Segredei-Lhe muitas coisas minhas, de todos os que me eram queridos
e do mundo inteiro. Sentia-me arder naquelas chamas divinas. Jesus
falou-me também.
— Ama,
ama, ama, minha filha, não tenhas outra preocupação a não ser a de
amar-me e dar-me almas. Onde está Deus está tudo, há o triunfo, há a
vitória.
Pedi
aos anjos para virem louvar e cantar a Jesus comigo e cantei sempre,
até que fui obrigada pelo Senhor Padre a ir para a minha cama.
Presa
e abrasada no amor divino, comunguei. Momentos depois, disse-me
Jesus:
— São
maravilhas, são provas dadas por Mim. Diz, minha filha, ao meu
querido Padre Humberto: Fui Eu que tudo permiti. Da minha parte,
nada mais é preciso. É só necessário agora lutar, lutar, combater
com os olhos postos em Mim. A causa é minha, é divina. Pobres homens
que imolam assim as minhas vítimas! Pobres almas que assim ferem o
meu divino Coração! Consolo-me no amor desta pomba inocente, desta
vítima amada, senhora dos meus tesouros e de toda a minha riqueza.
Vem, ó
mundo inteiro, vem depressa a esta fonte beber! É água que lava e
purifica, é fogo que ateia e santifica.
Meu
Jesus, amo-Vos, sou toda Vossa, sou a Vossa vítima. Obrigada...
(NOTA:
Neste instante, tendo percebido o Sr. P. Humberto que ia acabar-se a
comunicação da Alexandrina com Jesus — por ter lido nos êxtases
anteriores que acabavam quase sempre pela palavra
“obrigada” — pediu-lhe prontamente para que oferecesse a Nosso
Senhor todo o seu amor e o amor de todas as almas que lhe são
queridas e lhe estão confiadas. Viu-se, então, a Alexandrina
ofegante, como que a transbordar alguma coisa, e: “Aceitai o amor do
Padre Humberto e de todas as almas que lhe são queridas. Aceitai o
amor do P. Humberto e todas as almas que lhe são confiadas. Aceitai
o amor de todas as que me são queridas e do mundo inteiro.

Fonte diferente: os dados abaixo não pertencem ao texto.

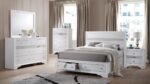 MATRIX QUEEN 4 PC BEDROOM SET IN WHITE - Image 2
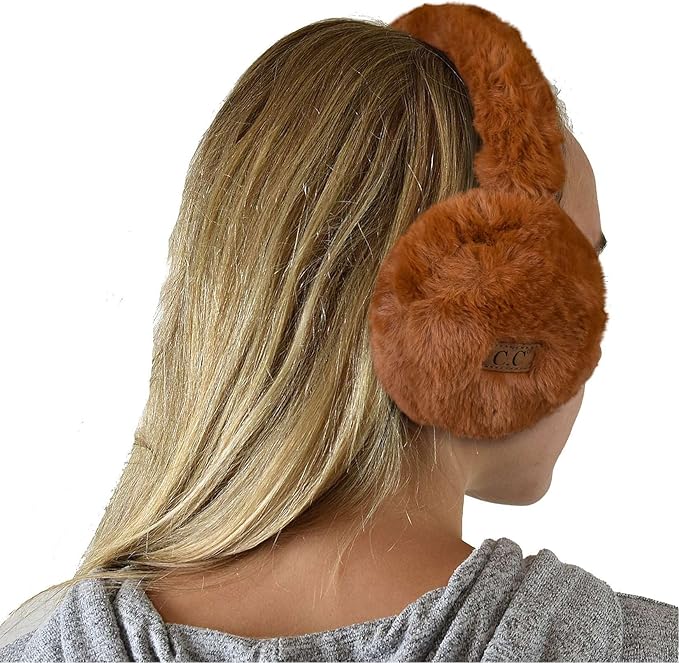 C.C Soft Winter Warm Adjustable Headband Ear Warmer Earmuffs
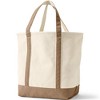 Lands' End Open Top Canvas Tote Bag - 4 of 4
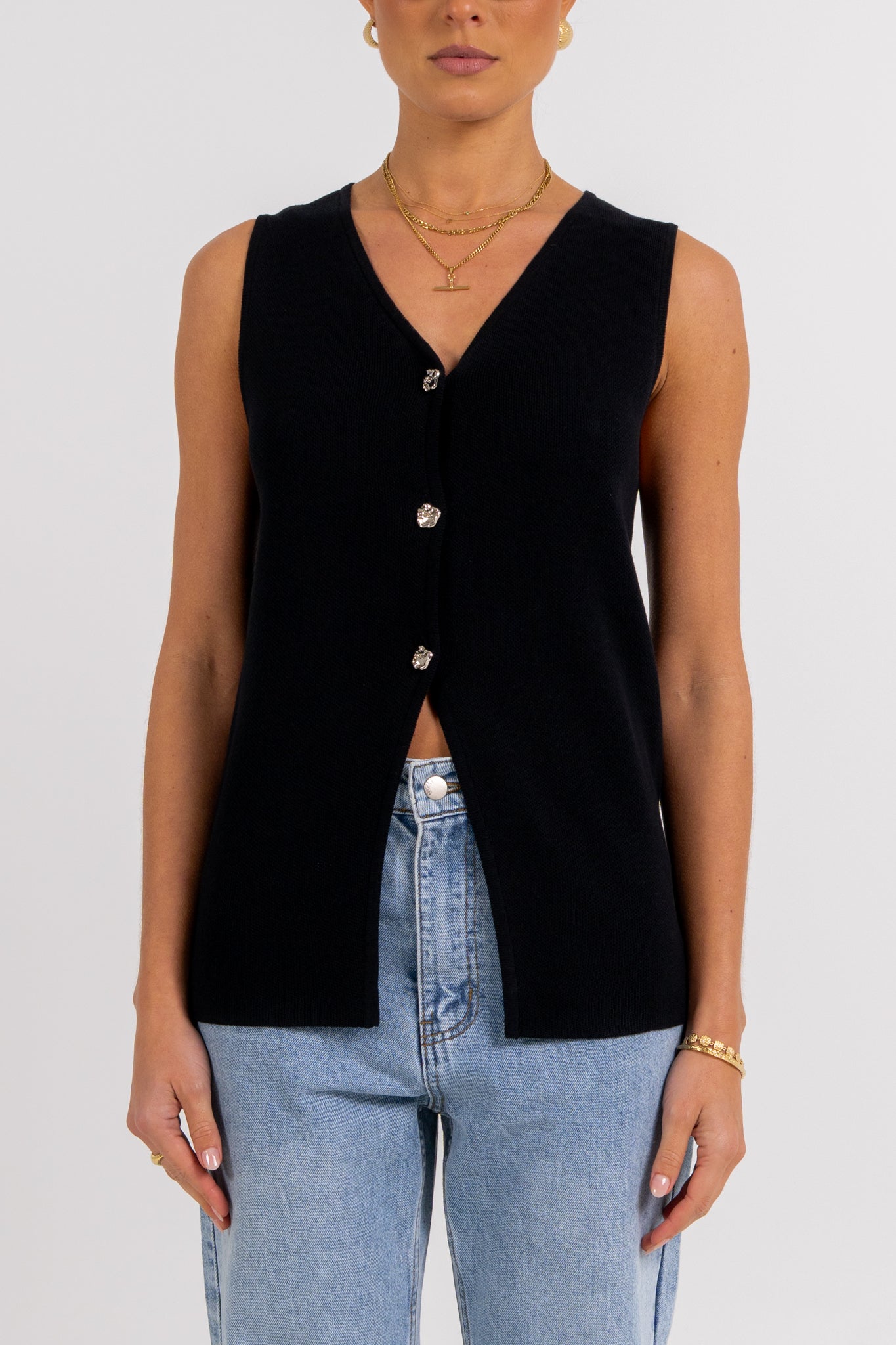 Elena Top Black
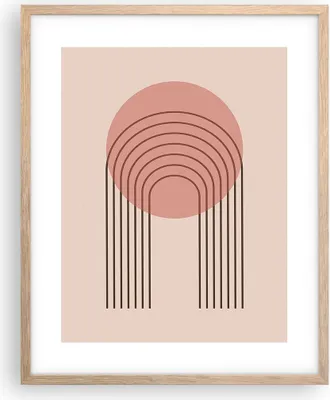 Produktbild von Gerahmtes Poster - Rahmen in heller Eiche - Abstraktion Minimalismus Kreide - 40x50 cm - Wand Bild - Wanddeko - Wandbilder - Kunstposter - Wandposter - Bilderrahmen - Bilder - P2NPA40x50-4446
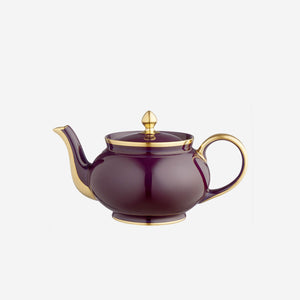 Legle Limoges Sous Le Soleil Aubergine Teapot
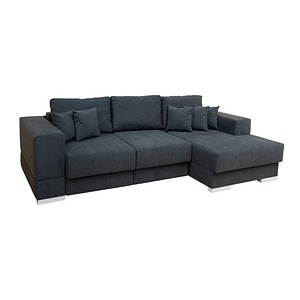 Coltar Extensibil Boston, Cu lada de depozitare, 266 x 112,5 x 90 cm, Stofa Gri inchis - Vega 35 Dreapta
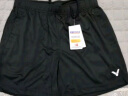 威克多（VICTOR）胜利羽毛球服短裤R-6299C黑色 透气款 XL  晒单实拍图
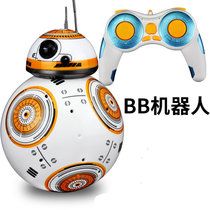 星球大战bb遥控机器人 智能遥控玩具大战星际利德发bb8
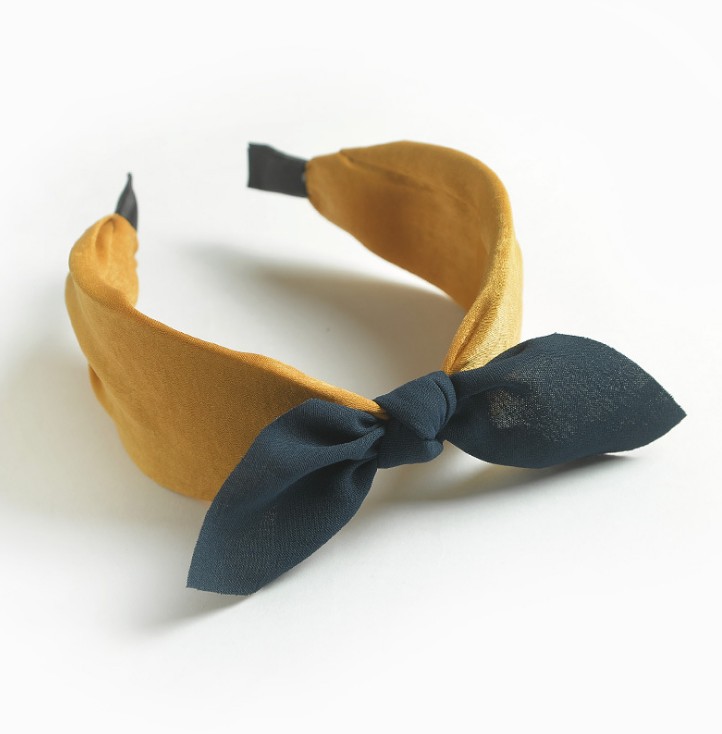 韩版布艺贾静雯同款头发箍交叉宽边头箍淑女百搭森系发卡女头饰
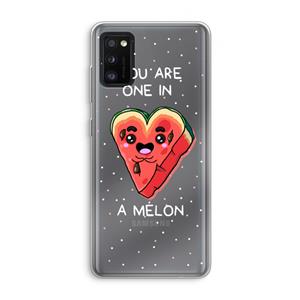 CaseCompany One In A Melon: Samsung Galaxy A41 Transparant Hoesje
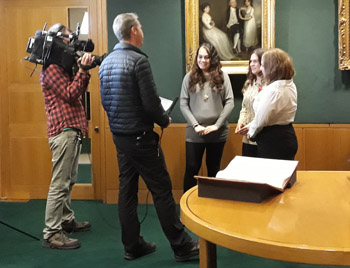 More interviewing, in the BL Boardroom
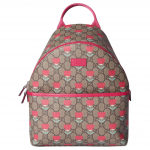 Gucci GG Supreme Reguleeritav &otilde;larihm T&otilde;mblukk Lilleline tr&uuml;kis L&otilde;uend Seljakott Laste seljakott Beež Tume pruun 782708-FADLO-9777 Basic Set (Bag+Dust Bag)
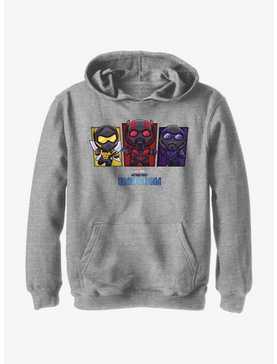 Marvel Ant-Man and the Wasp: Quantumania Chibi Heroes Youth Hoodie, , hi-res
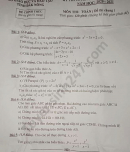 Đáp án đề thi vào lớp 10 môn Toán tỉnh Đắk Nông năm 2020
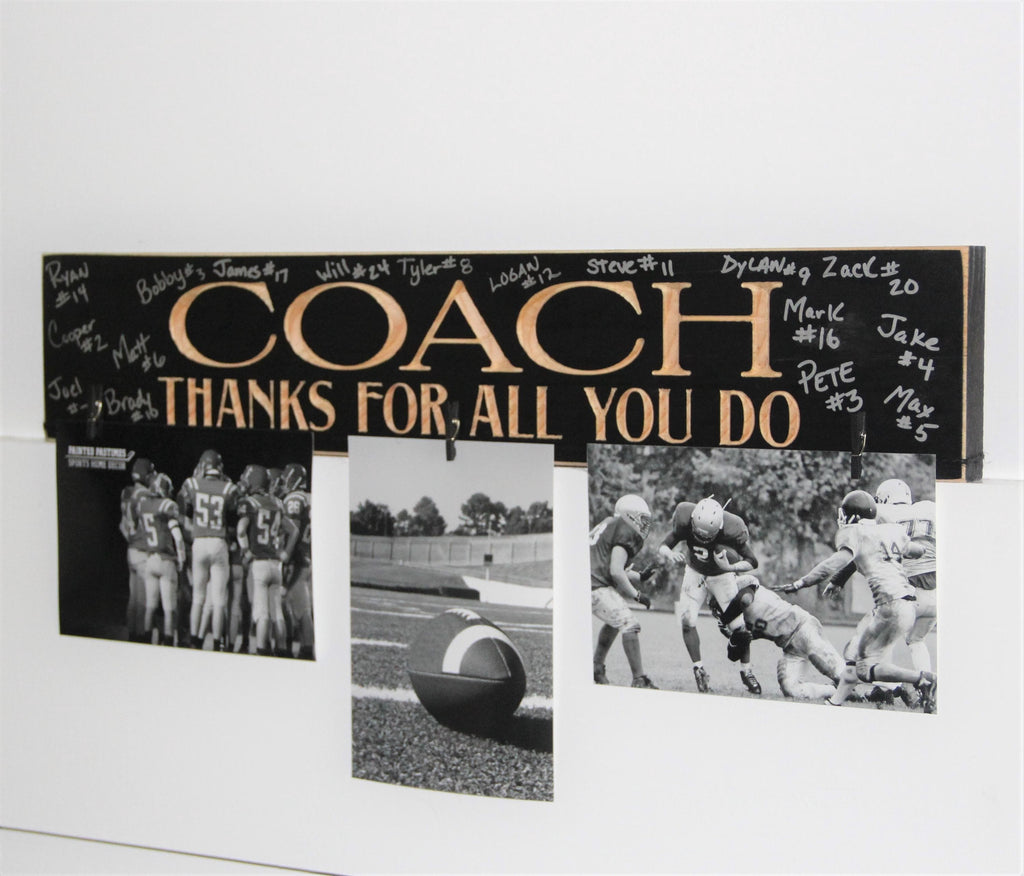 Personalized Coach Gift: Photo Wood Sign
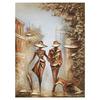 Vintage Abstract Painting Romantic Couple Family Decoration Wall Hanging Oil Painting Wall Art Picture Cuadros Background Wall Decoration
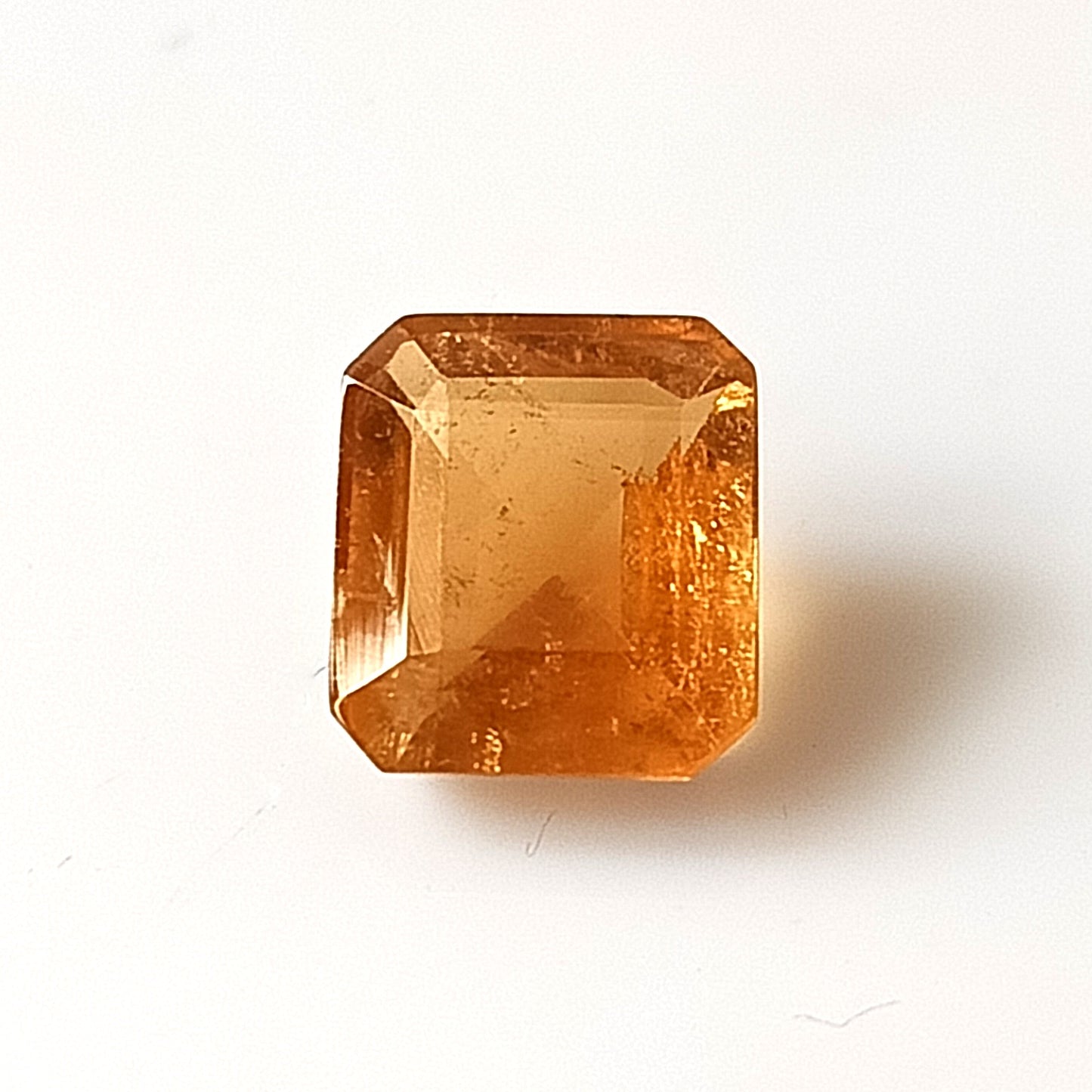 4.55  Carat 9X10X5.9 (WXLXD) Natural Octagon Cut Yellow tourmaline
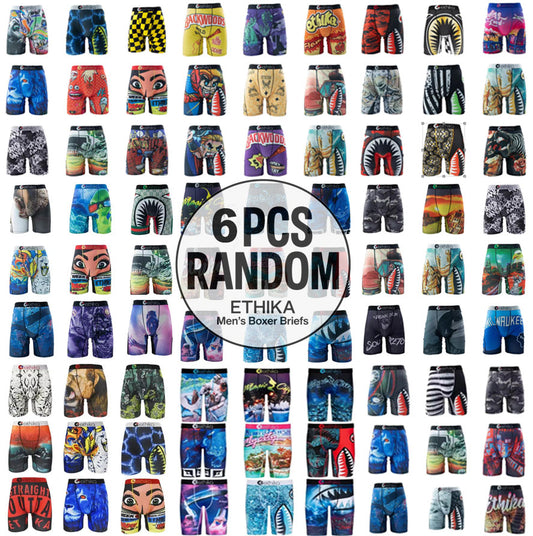 6Pcs/3Pcs ETHIKA Men's Boxer Briefs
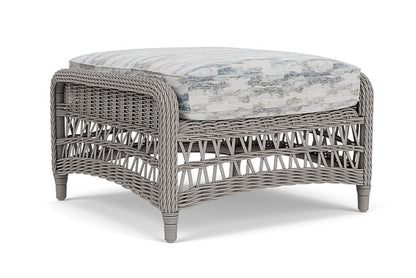 Lloyd Flanders - Mackinac Ottoman In Putty Finish With Stratosphere Cloud Fabric - 2730170591966 view 2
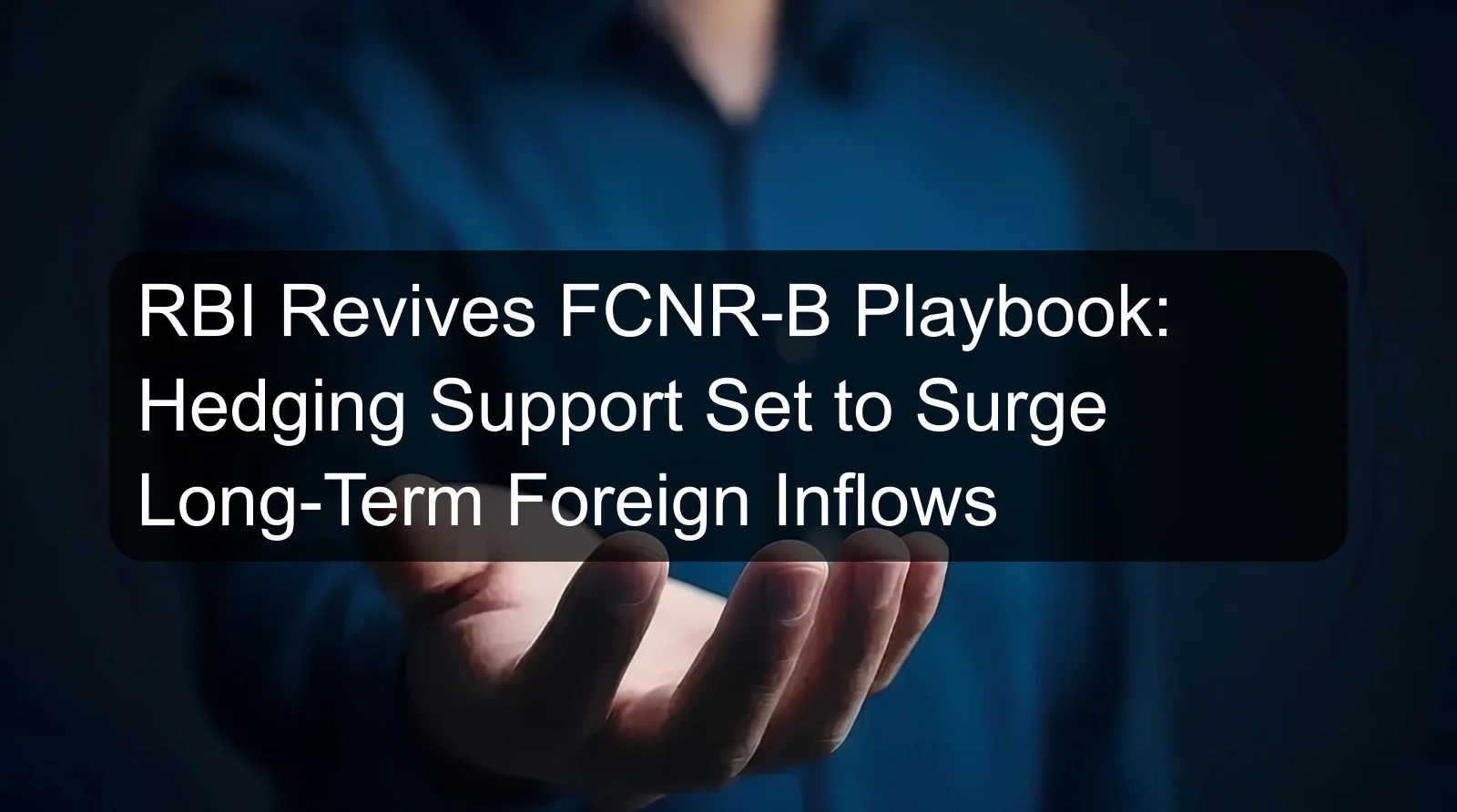 RBI Revives FCNR-B Playbook: Hedging Support Set to Surge Long-Term Foreign Inflows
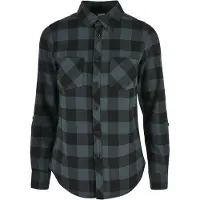 Urban Classics Turnup Checked Flanell Skjorte Med Lange ærmer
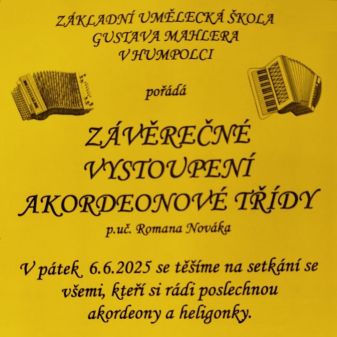 Závěrečné vystoupení akordeonové třídy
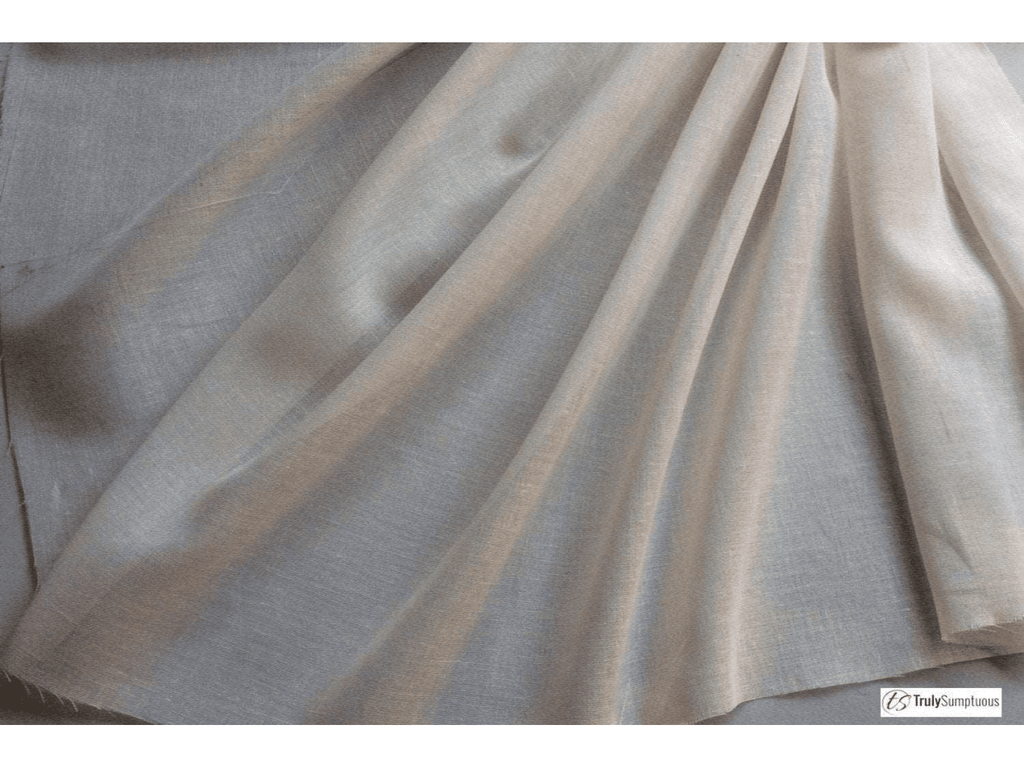 CREAM - Egyptian Draping Muslin: Pure Cotton for curtains and drapes Plain or Fire Retardent - Ralston Fabrics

— Estou entregue de toda a oferta (recebi
toda a oferta).
— Obrigada, meu Jesus !)
Não
foi muito duradoira a paz da minha alma; voltei para a cruz, dores e
trevas e as dúvidas a atormentarem-me. Levantei os olhos para o
Sagrado Coração de Jesus e disse-lhe:
— Confio, confio em Vós. Bem sabeis que não quero enganar ninguém;
podeis lá consentir que eu me engane e engane alguém? Vós não me
enganais.
Olhai,
meu Jesus: ainda que todos os que estão ao meu lado me desprezassem
e abandonassem, convencidos de que eu estava no erro e eu não
tivesse ninguém, ninguém por mim, ainda confiava em Vós. Juro-Vos,
juro-Vos, ó Jesus. E se Vós por mim, quem contra mim? Ó Mãezinha,
vede a minha dor e compadecei-Vos da Vossa pobre filhinha. Eu não
sou digna do Vosso amor, eu não mereço ser Vossa filha, mas sou,
Mãezinha, e só a Vós quero e ao meu Jesus.
Passaram as dúvidas e eu fiquei sempre mergulhada na dor e nas
trevas. Pouco depois do meio-dia, uma onda de frescura passou por
mim, refrescando a minha alma e todas as cinzas do meu corpo. Gozei
duma grande paz e suavidade. Não sei bem ao certo, mas talvez por
espaço de duas horas.
Ao
aproximar-se a noite, voltei a sentir o mesmo, desta vez por menos
tempo. Como Jesus e a querida Mãezinha olham por mim, tomando e
caminhando com a minha cruz! Bendito seja o Amor do Céu!